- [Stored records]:
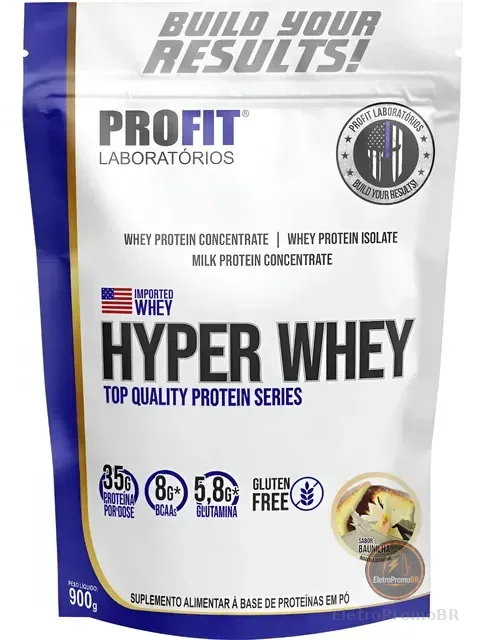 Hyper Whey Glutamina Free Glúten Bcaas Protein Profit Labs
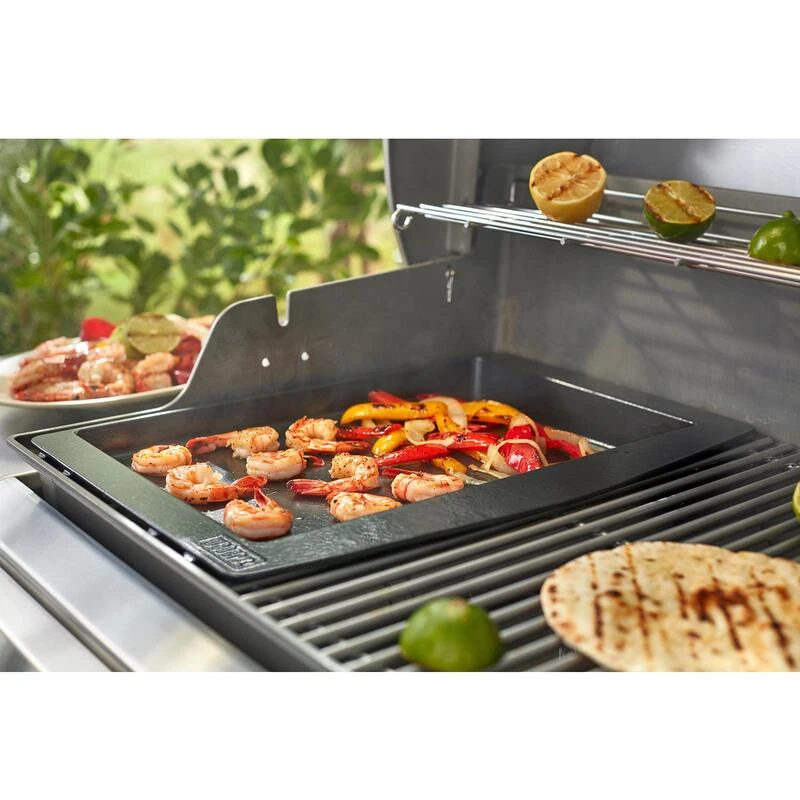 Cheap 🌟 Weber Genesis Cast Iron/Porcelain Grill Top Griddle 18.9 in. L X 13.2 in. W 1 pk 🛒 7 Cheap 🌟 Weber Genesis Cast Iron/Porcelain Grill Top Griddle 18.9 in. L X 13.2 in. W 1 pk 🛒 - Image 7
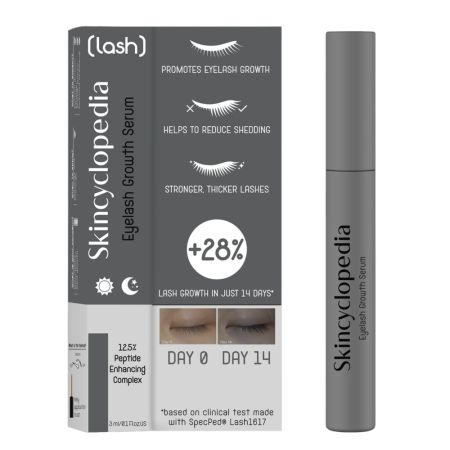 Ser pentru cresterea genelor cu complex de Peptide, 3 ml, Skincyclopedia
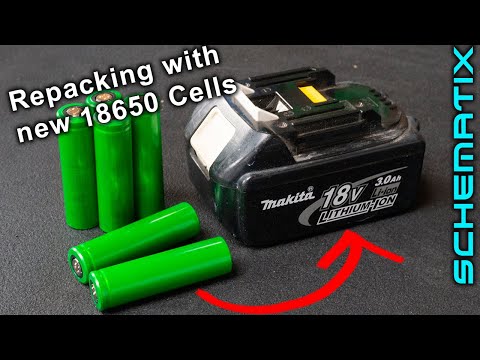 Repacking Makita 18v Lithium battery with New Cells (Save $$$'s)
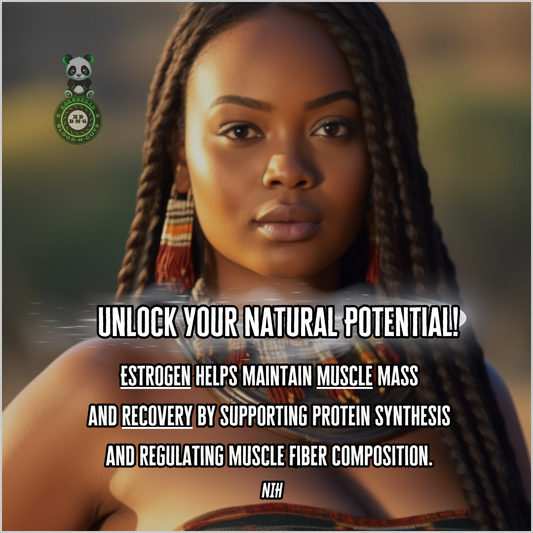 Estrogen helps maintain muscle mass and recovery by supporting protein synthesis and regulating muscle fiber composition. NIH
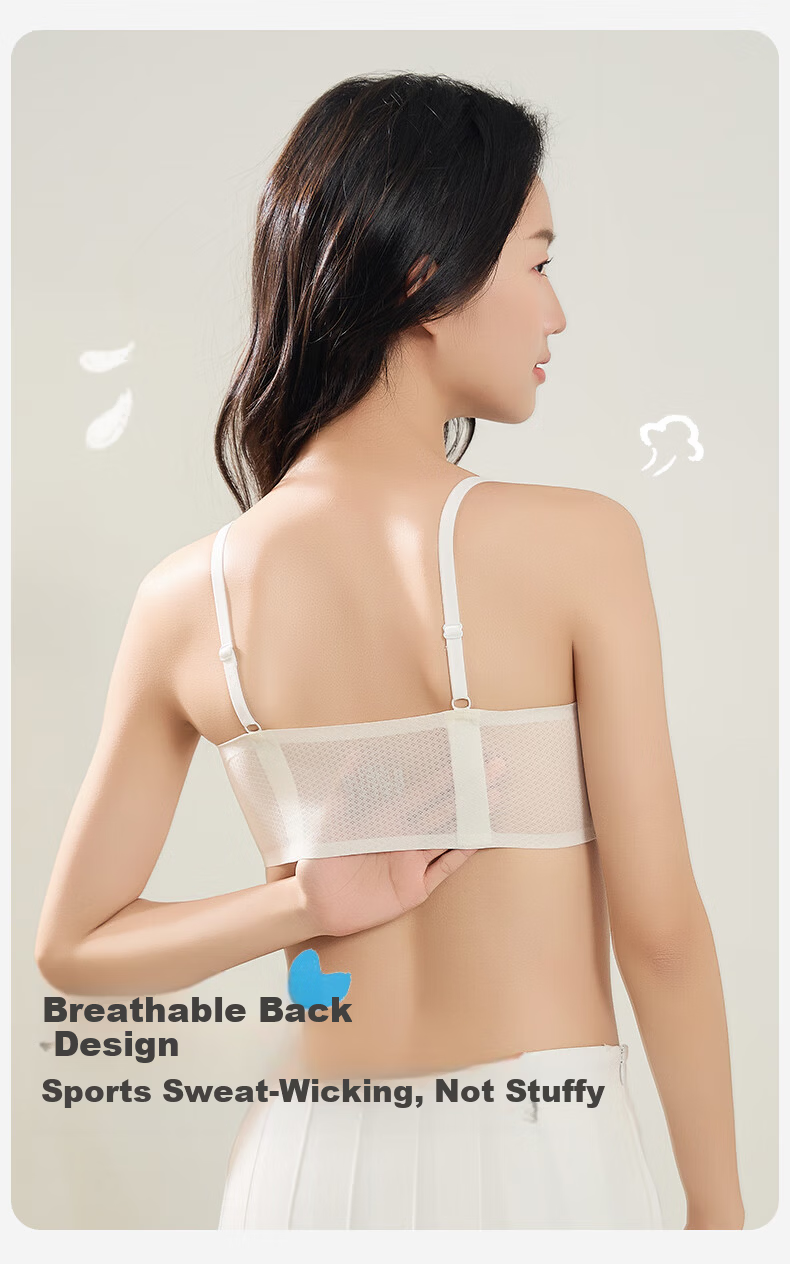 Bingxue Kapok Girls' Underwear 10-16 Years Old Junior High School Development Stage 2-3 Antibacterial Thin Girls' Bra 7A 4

* * *

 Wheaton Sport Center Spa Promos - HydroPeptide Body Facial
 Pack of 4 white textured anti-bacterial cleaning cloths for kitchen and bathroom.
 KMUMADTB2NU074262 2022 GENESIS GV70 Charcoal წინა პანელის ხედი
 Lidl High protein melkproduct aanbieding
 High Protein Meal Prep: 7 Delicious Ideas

==

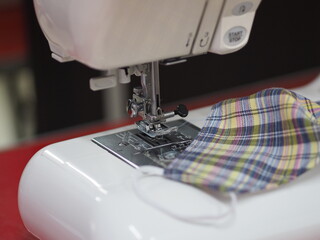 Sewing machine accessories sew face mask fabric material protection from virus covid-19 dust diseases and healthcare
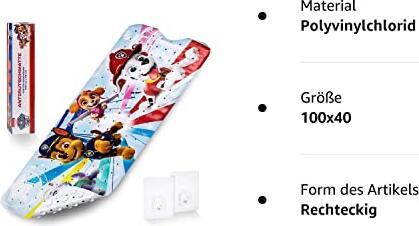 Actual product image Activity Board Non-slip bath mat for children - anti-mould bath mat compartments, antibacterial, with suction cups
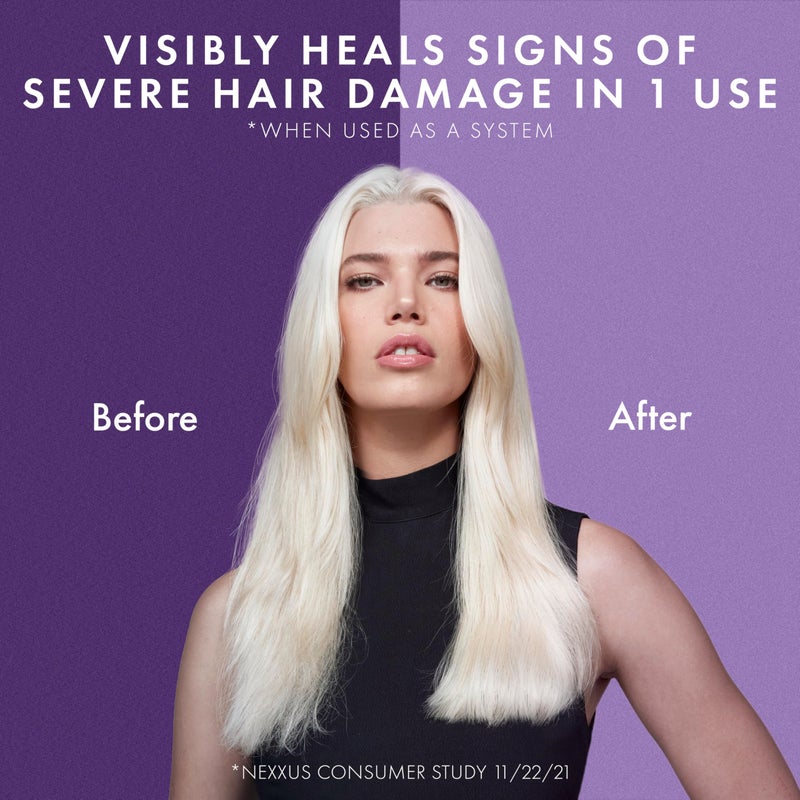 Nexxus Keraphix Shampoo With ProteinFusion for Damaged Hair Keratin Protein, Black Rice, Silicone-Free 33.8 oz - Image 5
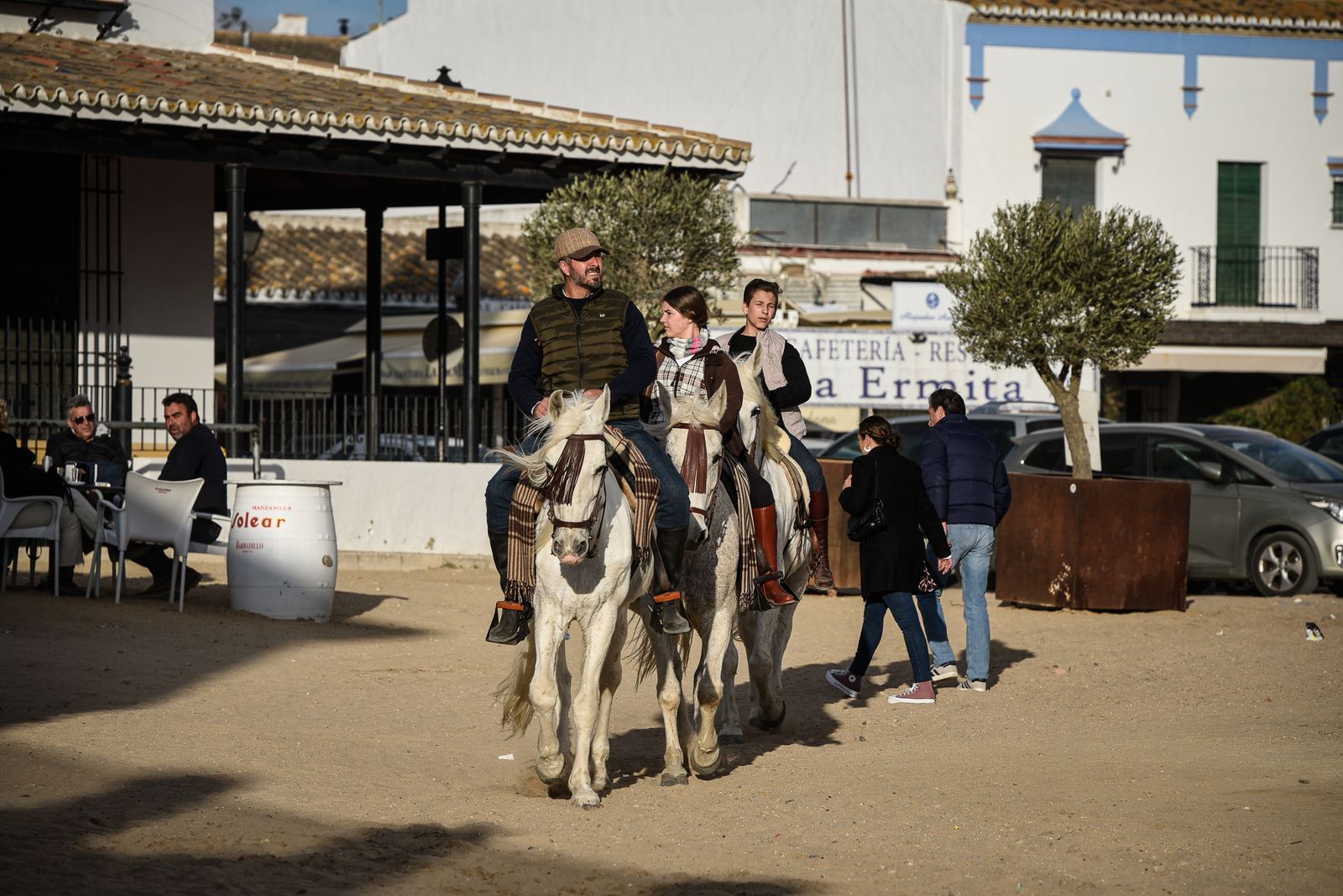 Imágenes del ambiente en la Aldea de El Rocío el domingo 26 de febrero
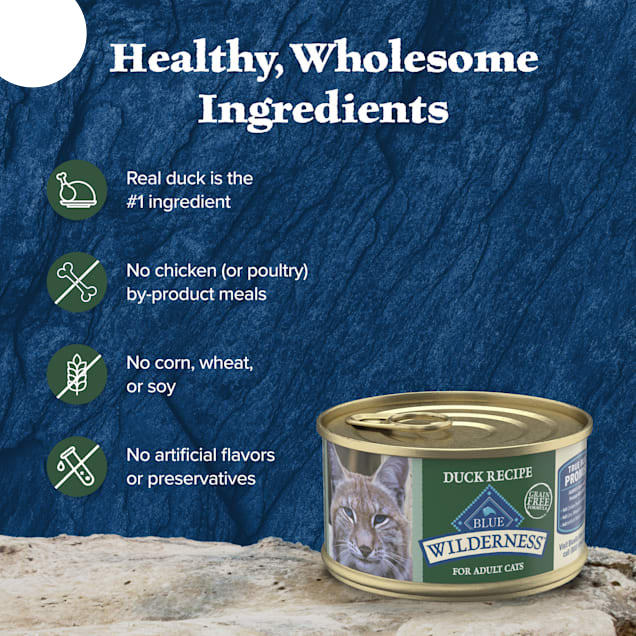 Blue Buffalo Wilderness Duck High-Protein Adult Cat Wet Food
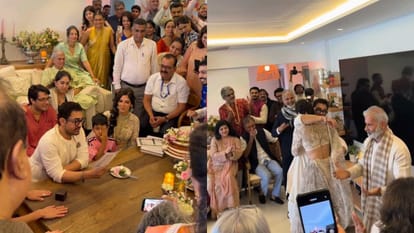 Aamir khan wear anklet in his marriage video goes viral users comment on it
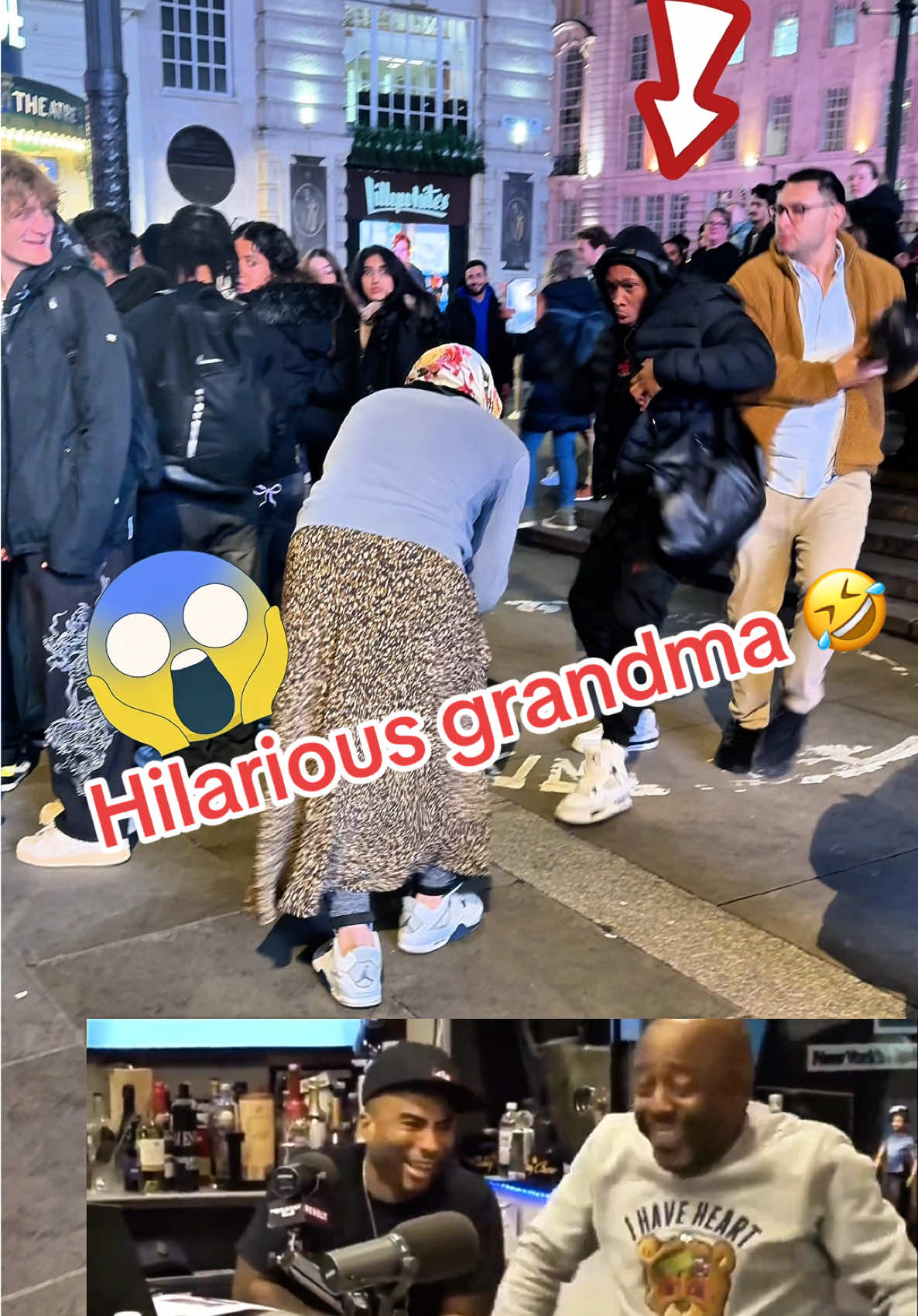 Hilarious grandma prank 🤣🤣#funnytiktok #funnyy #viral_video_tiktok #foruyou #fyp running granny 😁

- [Exercise description]: From the entries above, copy exactly the lines starting at the one with "pk 🛒 - Image 7" and stopping at the one with "Bingxue Kapok Girls'", keeping both ends. Drop the pictures.

- [Answer section]:
 Cheap 🌟 Weber Genesis Cast Iron/Porcelain Grill Top Griddle 18.9 in. L X 13.2 in. W 1 pk 🛒 7 Cheap 🌟 Weber Genesis Cast Iron/Porcelain Grill Top Griddle 18.9 in. L X 13.2 in. W 1 pk 🛒 - Image 7
 Ser pentru cresterea genelor cu complex de Peptide, 3 ml, Skincyclopedia
 Repacking Makita 18v Lithium battery with New Cells (Save $$$'s)
 Estrogen helps maintain muscle mass and recovery by supporting protein synthesis and regulating muscle fiber composition. NIH
 Bingxue Kapok Girls' Underwear 10-16 Years Old Junior High School Development Stage 2-3 Antibacterial Thin Girls' Bra 7A 4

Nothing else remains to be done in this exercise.